= Jonah Fisher =

English broadcast journalist (born 1977)

Jonah Fisher is a correspondent for BBC News and its first resident correspondent for Myanmar. Jonah Fisher is an experienced BBC correspondent and during an eventful 10 years working for the BBC has been based in Ukraine, Eritrea, Sudan, London, South Africa, Nigeria and most recently, Thailand. He has worked on many features for the BBC including: interviewing Buddhist monk Wirathu and members of Burma's Muslim community who have been caught up in clashes with Buddhist nationalists in 2013, accompanying Greenpeace tracking whales hunted by the Japanese whaling fleet; and violence against journalists by Sudanese security forces outside Khartoum, Sudan where he was attacked.
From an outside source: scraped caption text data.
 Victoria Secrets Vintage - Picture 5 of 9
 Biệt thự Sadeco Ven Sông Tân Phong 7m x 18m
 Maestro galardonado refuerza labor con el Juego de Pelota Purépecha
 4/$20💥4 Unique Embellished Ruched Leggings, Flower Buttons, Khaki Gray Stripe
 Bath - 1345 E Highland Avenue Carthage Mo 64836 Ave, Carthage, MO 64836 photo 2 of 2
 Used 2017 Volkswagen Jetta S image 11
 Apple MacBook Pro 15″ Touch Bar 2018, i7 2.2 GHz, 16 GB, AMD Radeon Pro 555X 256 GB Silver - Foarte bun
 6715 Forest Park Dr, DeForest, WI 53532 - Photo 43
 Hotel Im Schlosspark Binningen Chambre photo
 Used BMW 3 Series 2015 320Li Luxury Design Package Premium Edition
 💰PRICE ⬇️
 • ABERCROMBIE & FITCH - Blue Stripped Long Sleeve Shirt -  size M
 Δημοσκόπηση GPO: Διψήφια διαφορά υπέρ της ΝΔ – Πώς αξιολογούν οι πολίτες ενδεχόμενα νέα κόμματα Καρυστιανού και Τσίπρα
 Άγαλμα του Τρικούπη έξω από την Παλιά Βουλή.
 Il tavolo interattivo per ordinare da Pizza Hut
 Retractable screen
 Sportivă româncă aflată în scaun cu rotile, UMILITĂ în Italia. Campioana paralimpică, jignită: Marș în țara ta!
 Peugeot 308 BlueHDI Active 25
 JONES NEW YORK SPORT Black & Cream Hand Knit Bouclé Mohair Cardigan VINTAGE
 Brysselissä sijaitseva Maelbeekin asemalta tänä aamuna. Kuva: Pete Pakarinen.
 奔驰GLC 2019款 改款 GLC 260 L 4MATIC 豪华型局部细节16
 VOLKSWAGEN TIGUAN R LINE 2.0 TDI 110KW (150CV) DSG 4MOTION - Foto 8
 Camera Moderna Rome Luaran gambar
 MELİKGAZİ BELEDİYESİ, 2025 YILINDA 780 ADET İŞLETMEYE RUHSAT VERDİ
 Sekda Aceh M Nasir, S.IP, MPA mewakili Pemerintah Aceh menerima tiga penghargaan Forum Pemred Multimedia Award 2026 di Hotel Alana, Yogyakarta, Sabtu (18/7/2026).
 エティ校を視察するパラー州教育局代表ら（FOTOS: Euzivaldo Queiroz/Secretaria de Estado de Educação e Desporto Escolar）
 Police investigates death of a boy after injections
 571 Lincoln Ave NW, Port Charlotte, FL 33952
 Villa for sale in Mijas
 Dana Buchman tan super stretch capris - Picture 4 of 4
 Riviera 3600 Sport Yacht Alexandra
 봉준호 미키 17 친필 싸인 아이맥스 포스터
From 2012 to 2014, Fisher was the BBC's correspondent in Bangkok where he covered anti-government protesters in Bangkok as demonstrators try to unseat the Thai Prime Minister Yingluck Shinawatra.

==Myanmar Resident Correspondent==
Jonah Fisher is the first resident correspondent for the BBC in Myanmar. Peter Horrocks, Director of BBC Global News, said: “The appointment of Jonah Fisher marks another important milestone in the rapid welcome changes taking place in Burma/Myanmar. Censorship and repression are being replaced with a new media environment where the BBC can freely broadcast trusted and impartial news. The BBC's charity BBC Media Action will continue its work to help train the next generation of Burma/Myanmar journalists which will further contribute to the country’s transition towards media freedom. These investments are part of our commitment to our audiences in Burma/Myanmar and we look forward to covering the historic elections in 2015.” In February 2017, he attracted attention for his alleged arrogance and rude behavior when questioning a group of monks in Yangon, Myanmar.

==ANC outburst==
Following a comment by Fisher to Julius Malema ("You live in Sandton."), Malema spoke:

Malema: Let me tell you before you are tjatjarag (South African slang: excitable, or, to speak a lot) – this is a building of a revolutionary party and you know nothing about the revolution. So here you behave or else you jump (audience laughs). Don’t laugh. Chief, can you get security to remove this THING here. If you are not going to behave, we are going to get security to take you out. This is not a news room this, this is a revolutionary house and you don’t come here with that white tendency, not here. You can do it somewhere else, not here. If you have got a tendency of undermining blacks even where you work, you are in the wrong place. Here you are in the wrong place.

Fisher: ...that’s rubbish...

Malema: You can go out…rubbish is what you have covered in that trouser – that is rubbish. That which you have covered in [your] clothes is rubbish, ok? You are a small boy you can’t do anything. Go out…bastard! Go out! You bloody agent!